WORK ITEM -
Find the line with "China confirma caso" in the records below. Output exactly from there until after the line with "WB Suggested Anti-PRMT6", without pictures.

EXERCISE MATERIAL -

────────────────────────────────────────

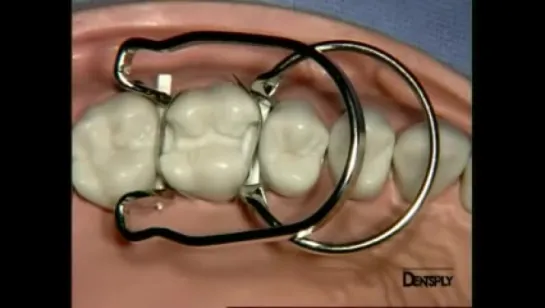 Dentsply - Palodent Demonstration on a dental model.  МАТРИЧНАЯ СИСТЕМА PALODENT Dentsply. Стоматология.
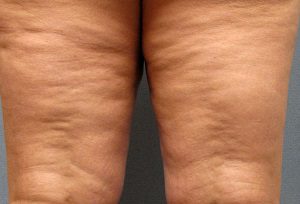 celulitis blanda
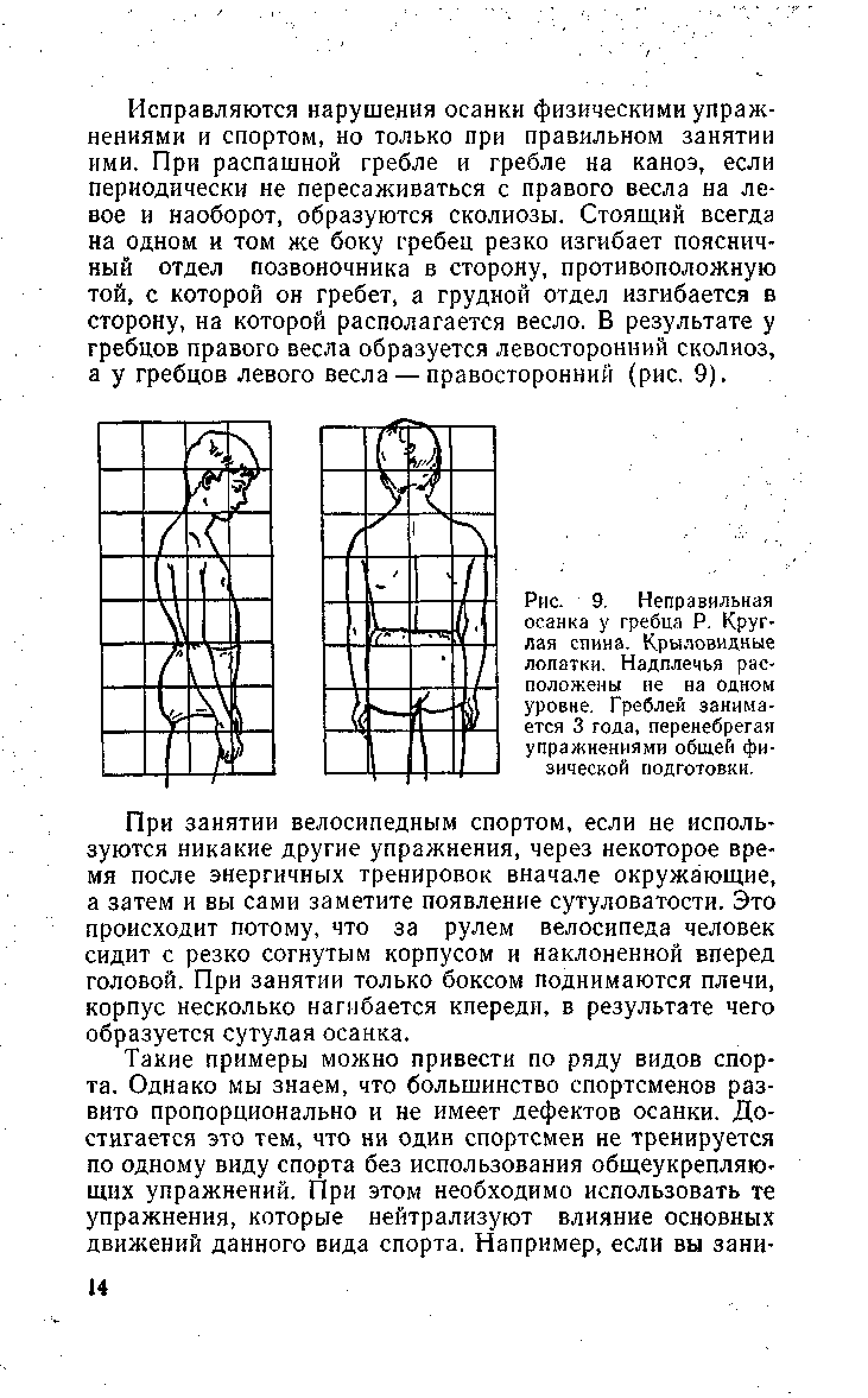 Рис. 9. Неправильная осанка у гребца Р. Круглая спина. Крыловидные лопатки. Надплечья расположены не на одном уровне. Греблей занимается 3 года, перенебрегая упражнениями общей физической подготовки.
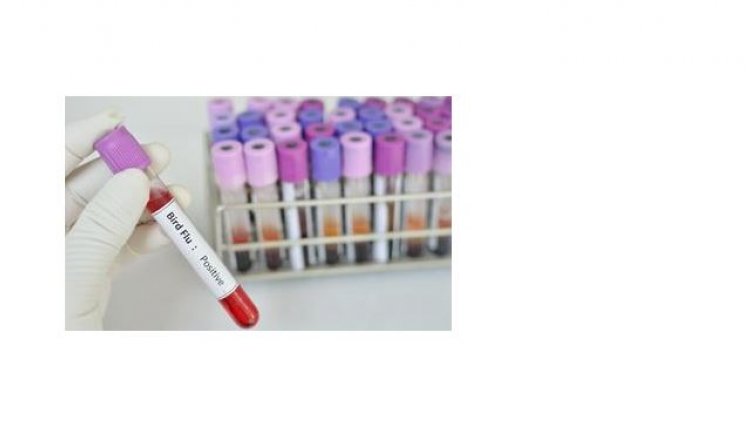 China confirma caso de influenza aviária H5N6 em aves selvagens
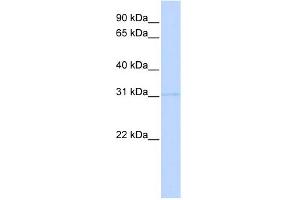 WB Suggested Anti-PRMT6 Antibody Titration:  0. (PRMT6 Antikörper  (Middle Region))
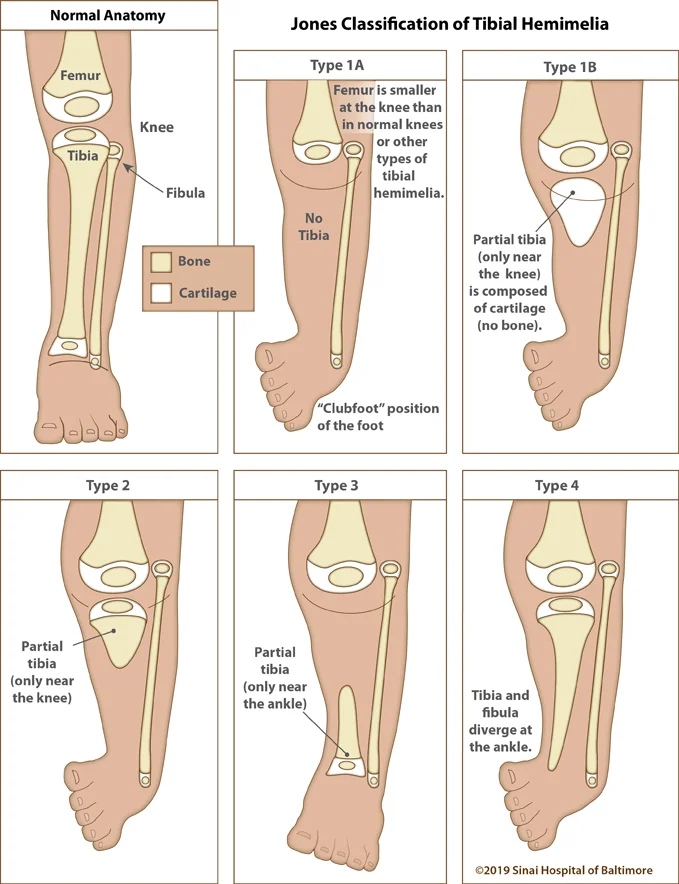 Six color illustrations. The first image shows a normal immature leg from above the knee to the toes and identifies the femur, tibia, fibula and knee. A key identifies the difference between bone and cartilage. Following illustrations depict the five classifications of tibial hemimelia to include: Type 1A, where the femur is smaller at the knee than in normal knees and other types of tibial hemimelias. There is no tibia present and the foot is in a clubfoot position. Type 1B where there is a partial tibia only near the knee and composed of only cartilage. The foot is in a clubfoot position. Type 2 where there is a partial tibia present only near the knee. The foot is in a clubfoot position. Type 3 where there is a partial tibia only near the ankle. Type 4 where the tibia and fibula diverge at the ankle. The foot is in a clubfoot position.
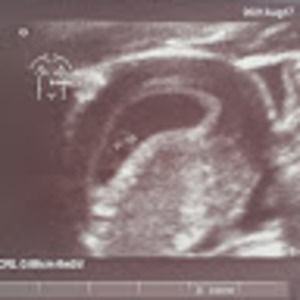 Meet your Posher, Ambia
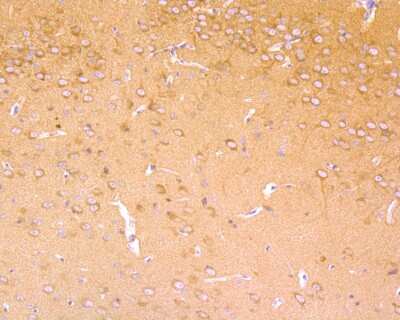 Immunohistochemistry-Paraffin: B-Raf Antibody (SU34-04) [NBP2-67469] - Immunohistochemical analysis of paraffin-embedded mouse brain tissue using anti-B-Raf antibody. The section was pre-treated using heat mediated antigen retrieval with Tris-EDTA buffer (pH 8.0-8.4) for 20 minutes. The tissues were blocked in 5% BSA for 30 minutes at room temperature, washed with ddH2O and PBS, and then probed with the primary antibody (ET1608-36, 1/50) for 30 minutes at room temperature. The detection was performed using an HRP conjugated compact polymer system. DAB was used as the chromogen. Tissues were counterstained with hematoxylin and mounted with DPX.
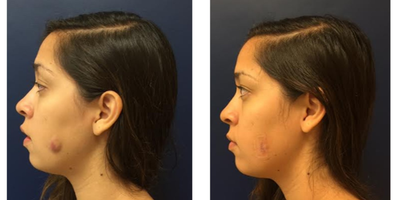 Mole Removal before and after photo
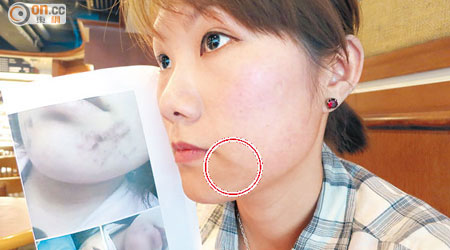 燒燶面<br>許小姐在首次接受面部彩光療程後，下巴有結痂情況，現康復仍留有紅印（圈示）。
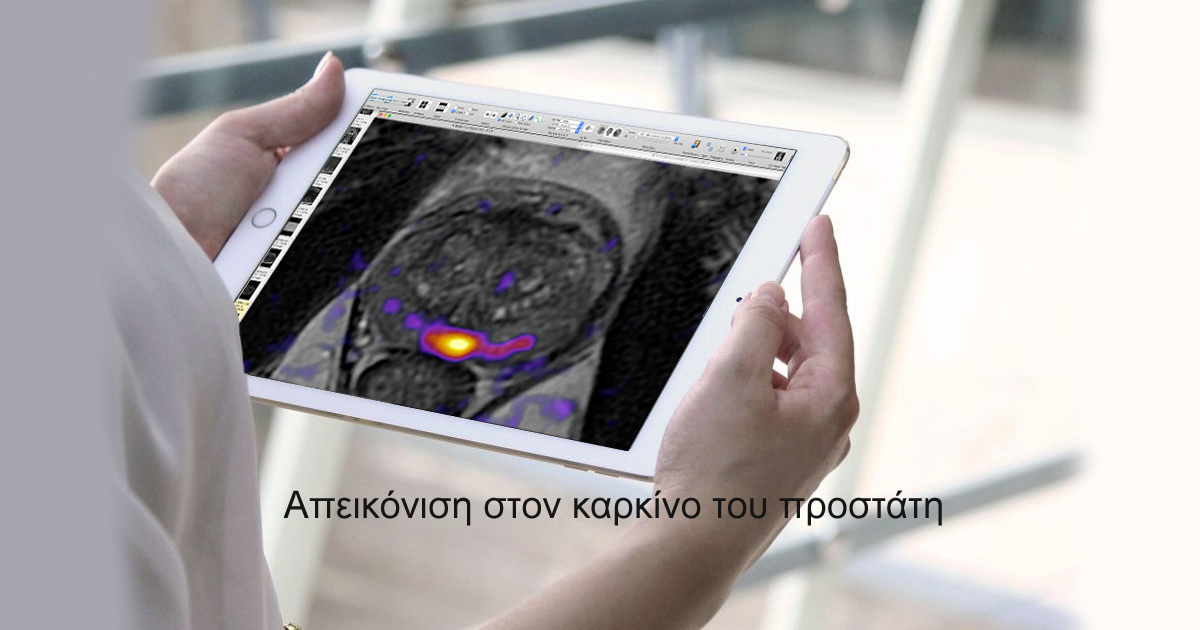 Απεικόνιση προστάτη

────────────────────────────────────────

SOLUTION TO THE EXERCISE -
 China confirma caso de influenza aviária H5N6 em aves selvagens
 WB Suggested Anti-PRMT6 Antibody Titration:  0. (PRMT6 Antikörper  (Middle Region))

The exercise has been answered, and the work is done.